There’s so much more to tell our kids, right? All the advice and the suggestions and the ideas we parents believe is so incredibly important to impart on our children. We know so much more then they do, right? Then I was reminded of this poem I memorized when I was her age so many years ago. At the time I thought it explained my entire life. It empowered me to pursue my dreams and take responsibility for my life. Isn’t that really all we want for our kids? It was written in 1926 by an Illinois lawyer and recorded by Les Crane. Right now, when I can think of a million things I would like to say, pearls of wisdom I believe she needs to hear, I read this poem and think, “This said it all to me back in the 70’s, maybe, just maybe this is all she needs to hear now in 2014.”

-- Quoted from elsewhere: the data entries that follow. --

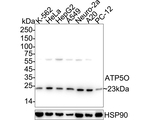 ATP Synthase O Antibody in Western Blot (WB)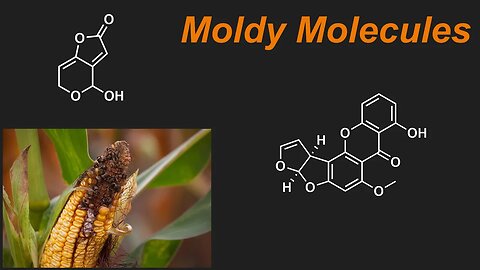 The Science of Mold Toxins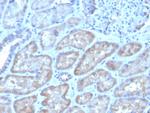 FGF23 (Fibroblast Growth Factor 23) Monoclonal Antibody (FGF23/4162)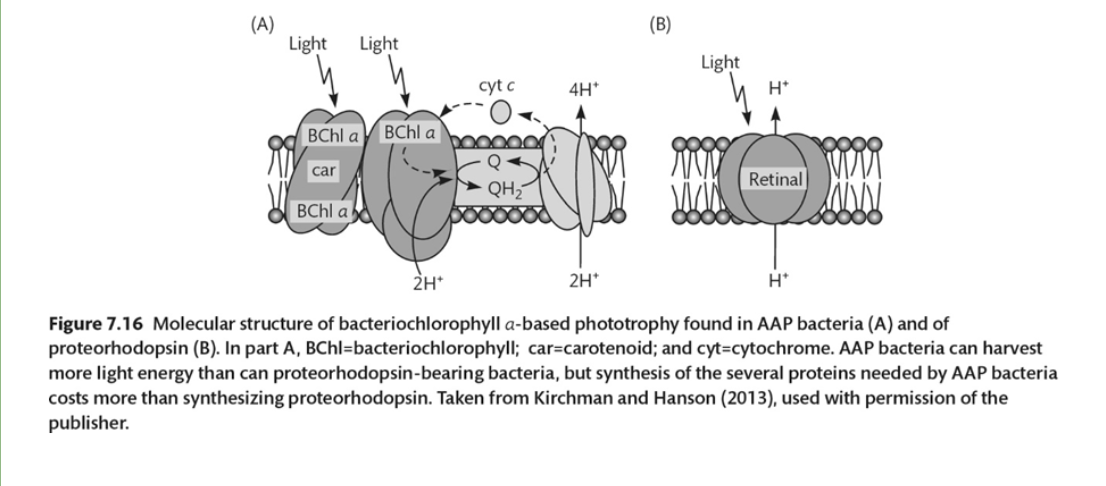 <p>See figure below from the book. AAPB (AAP bacteria) are found in a wide range of aquatic habitats, but not in high abundances, except in estuaries. On the other hand, proteorhodopsin bacteria, such as many in the SAR11 clade, are also ubiquitous and abundant in most waters, including in the oligotrophic oceans. Why the difference, since both types use light for extra energy to support a heterotrophic lifestyle?</p>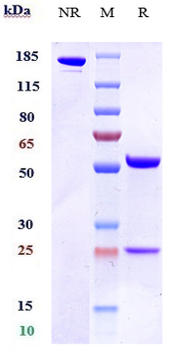 Anti-OX2R / CD200R1 Reference Antibody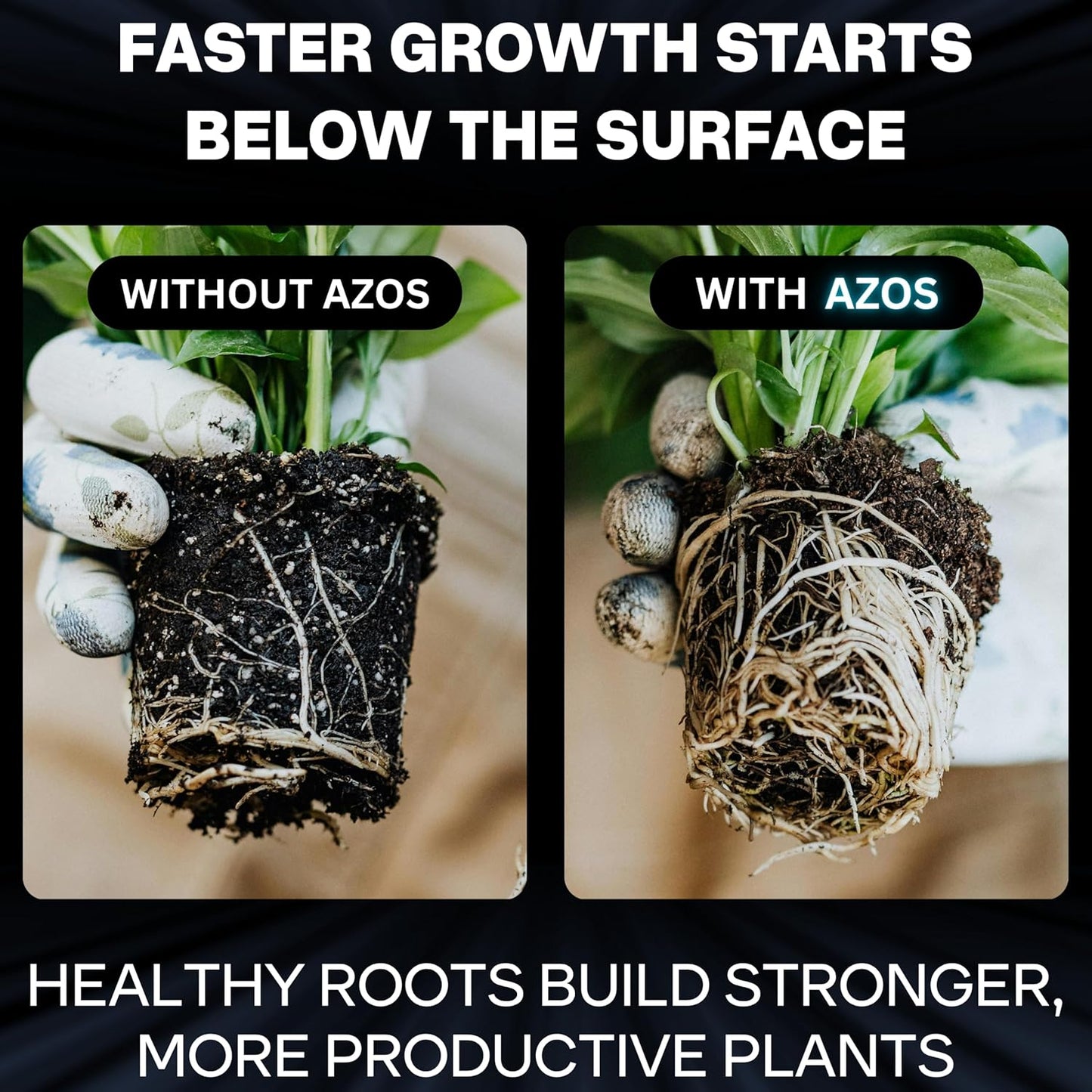 Xtreme Gardening Azos Growth Promoter – 12 oz | Nitrogen-Fixing Bacteria for Root & Vegetative Growth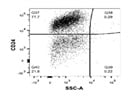 A Good CD24 Antibody from BioLegend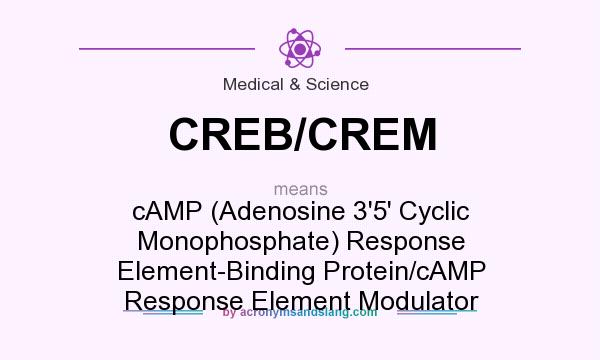 What does CREB/CREM mean? It stands for cAMP (Adenosine 3`5` Cyclic Monophosphate) Response Element-Binding Protein/cAMP Response Element Modulator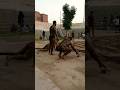 Wrestler Daily Routine Cardio Exercise Viral Shortvideo Shorts Fitnessmotivation Trending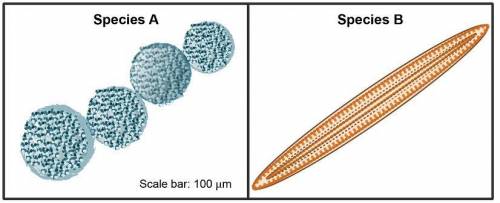 Most bacterial species have an optimal surface area-to-volume ratio (SA/V) that balances growth, av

Desiderata – by Max Ehrman
Go placidly amid the noise and haste,
and remember what peace there may be in silence.
As far as possible, without surrender, be on good terms with all persons.
Speak your truth quietly and clearly; and listen to others,
even to the dull and ignorant; they too have their story.
Avoid loud and aggressive persons, they are vexations to the spirit.
If you compare yourself with others, you may become vain and bitter,
for always there will be greater and lesser persons than yourself.
Enjoy your achievements as well as your plans.
Keep interested in your own career, however humble;
it is a real possession in the changing fortunes of time.
Exercise caution in your business affairs,
for the world is full of trickery.
But let this not blind you to what virtue there is;
many persons strive for high ideals,
and everywhere life is full of heroism.
Be yourself. Especially do not feign affection.
Neither be cynical about love;
for in the face of all aridity and disenchantment
it is as perennial as the grass.
Take kindly the counsel of the years,
gracefully surrendering the things of youth.
Nurture strength of spirit to shield you in sudden misfortune.
But do not distress yourself with dark imaginings.
Many fears are born of fatigue and loneliness.
Beyond a wholesome discipline, be gentle with yourself.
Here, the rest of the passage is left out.